Retype, word for word, the line holding "Used 2024 Toyota Tundra Capstone image 14" and every line below it to the end of the listing. Leave out the pictures.

◇ ◇ ◇ ◇

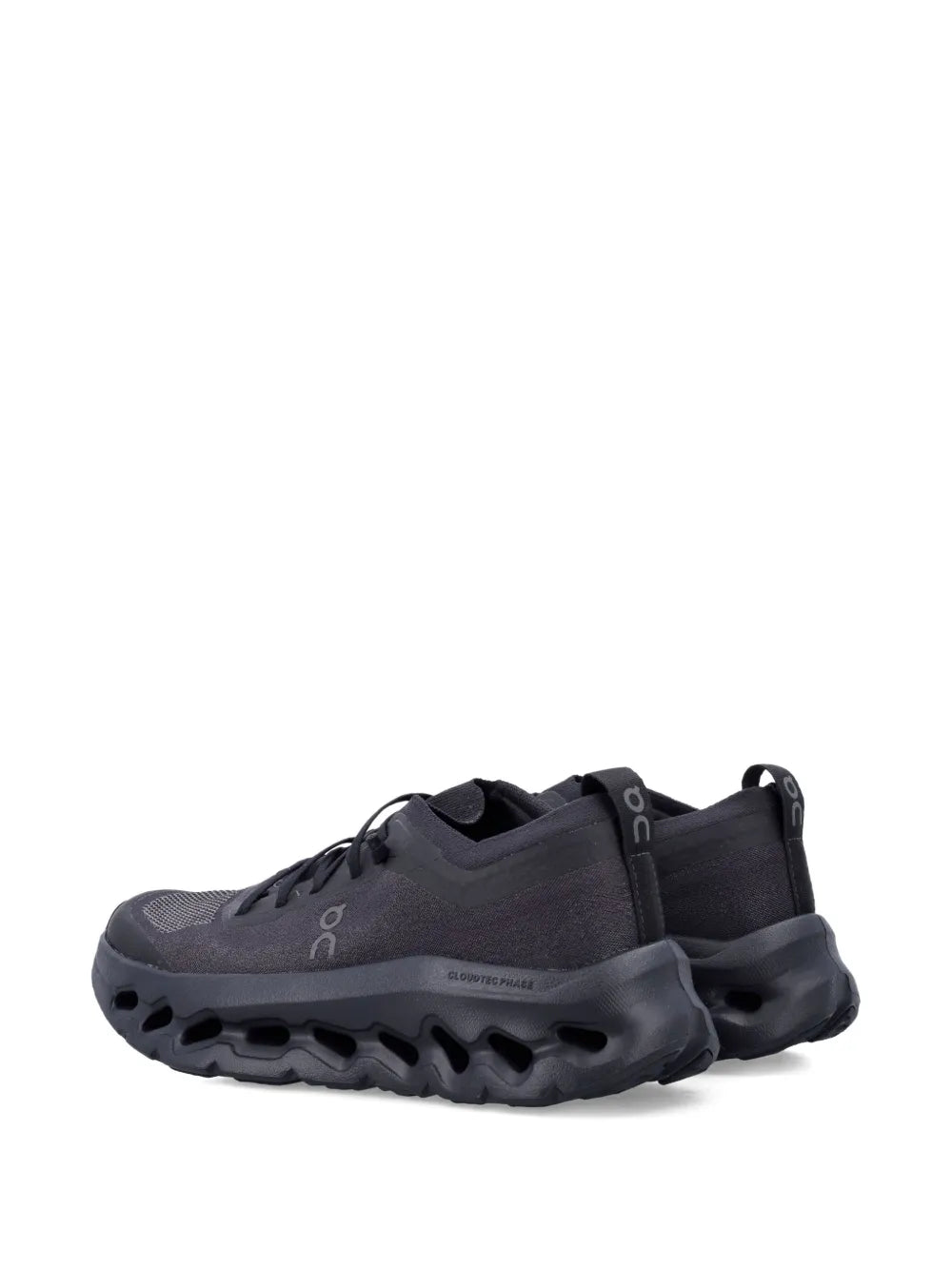 ON RUNNING CLOUD TILT BLACK IVORY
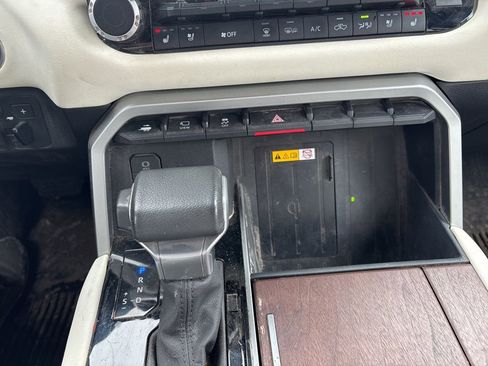 Used 2024 Toyota Tundra Capstone image 14
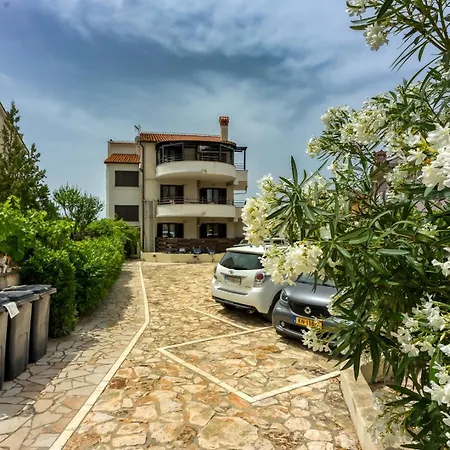 Betiga Guest house 3*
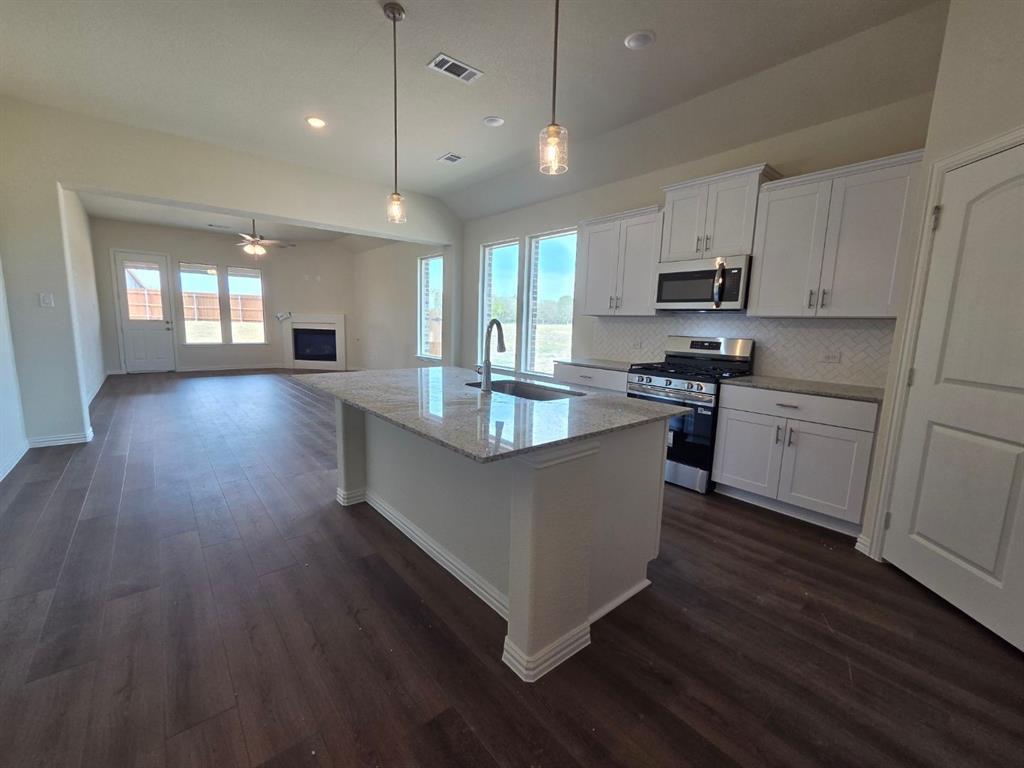804 Silverleaf Drive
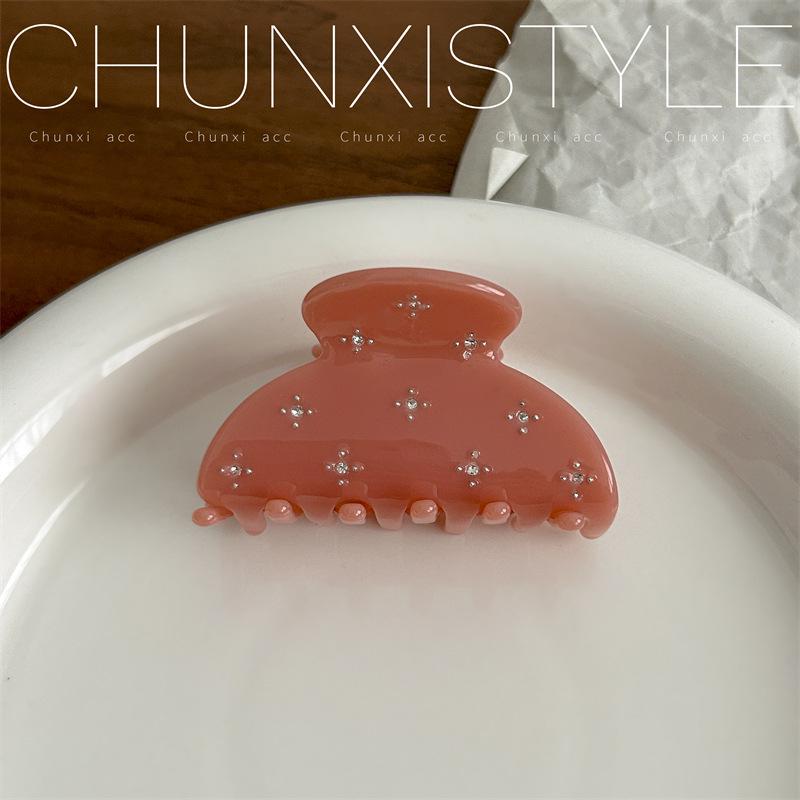 Share Beauty Acetat Süßigkeiten Haarspange: Eleganter, mit Diamanten besetzter, kompakter Haarklammer, perfekt, um Ihrer Frisur eine frische Note zu verleihen.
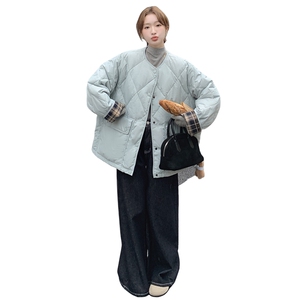 韩版时尚拼格纹轻薄款羽绒服女2025年冬季新款显瘦加厚白鸭绒外套图片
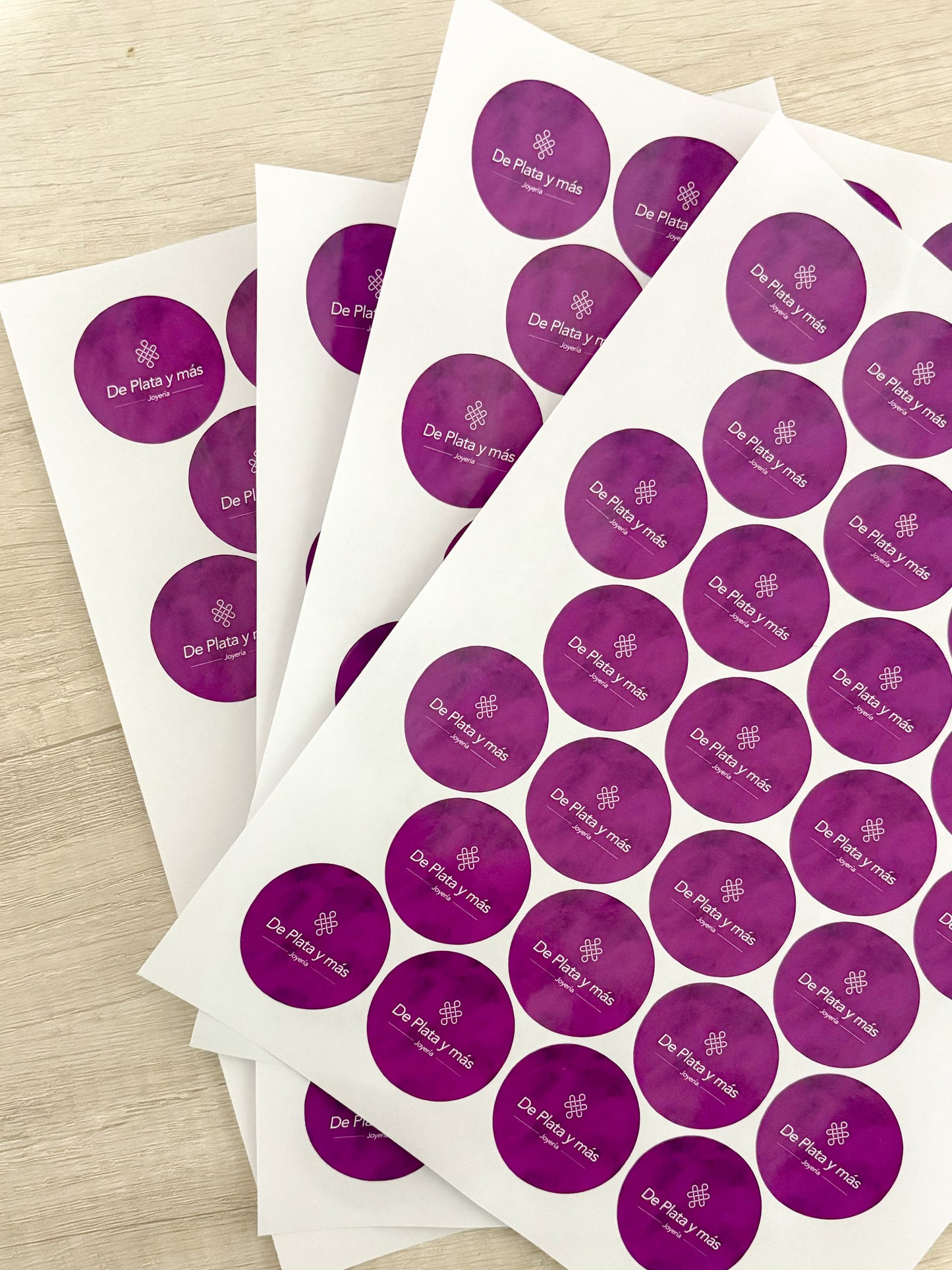 Stickers Troquelados, Redondos, Impresión personalizada, Acabado Brillante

◇ ◇ ◇ ◇

▸ OUTPUT FOR THIS EXERCISE:
 Used 2024 Toyota Tundra Capstone image 14
 Betiga Guest house 3*
804 Silverleaf Drive
 Share Beauty Acetat Süßigkeiten Haarspange: Eleganter, mit Diamanten besetzter, kompakter Haarklammer, perfekt, um Ihrer Frisur eine frische Note zu verleihen.
 韩版时尚拼格纹轻薄款羽绒服女2025年冬季新款显瘦加厚白鸭绒外套图片
 Stickers Troquelados, Redondos, Impresión personalizada, Acabado Brillante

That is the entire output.